By Hou Akot Hou
Northern Bahr El Ghazal state announced on Tuesday plans to exempt taxes on sorghum until the crops yield.
This strategy aims to help local civilians afford sorghum in the market, as traders tend to raise prices for local consumers.
This decision resulted from an extraordinary meeting convened last Thursday.
According to Gabriel Deng Yel, the state Minister of Information, the motion to exempt taxes on sorghum was raised by the state Minister of Finance, Ruay Dut Akol, and was seconded by most cabinet members.
Yel stated that it was agreed that sorghum would be exempt from taxes for a period of four months, allowing everyone to access this staple food, which many local people struggle to afford.
They often sell their cows, goats, and engage in petty economic activities to make ends meet.
Deng acknowledged the precarious situation facing local residents, describing the conditions as harsh for almost everyone.

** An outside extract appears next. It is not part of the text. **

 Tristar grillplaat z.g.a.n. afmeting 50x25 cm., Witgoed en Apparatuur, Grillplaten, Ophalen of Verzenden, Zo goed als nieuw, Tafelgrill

“We understand the difficulties our people are experiencing. As a result of the evaluation and assessment we conducted, we found that many go to bed on an empty stomach at times. This prompted the Minister of Finance to inform the cabinet that sorghum should be exempt from taxation, a point that was embraced and endorsed by the members,” Yel revealed.
“The memo is appropriate, especially as people are returning to farming. Additionally, the roads used to transport food from Sudan are blocked due to the ongoing conflict there,” he said.
The information minister also added that they would crack down on traders who do not comply with the order to exempt taxes and continue to raise the price of sorghum, which currently costs 14,000 SSP for 4 kg—an amount many people find hard to afford.
In another development, the state government has issued an order to impose a 20% tax on livestock being transported to Juba, applicable per animal, whether cow or goat.
This measure aims to address the loss of cattle in the state and to pool resources through this taxation procedure.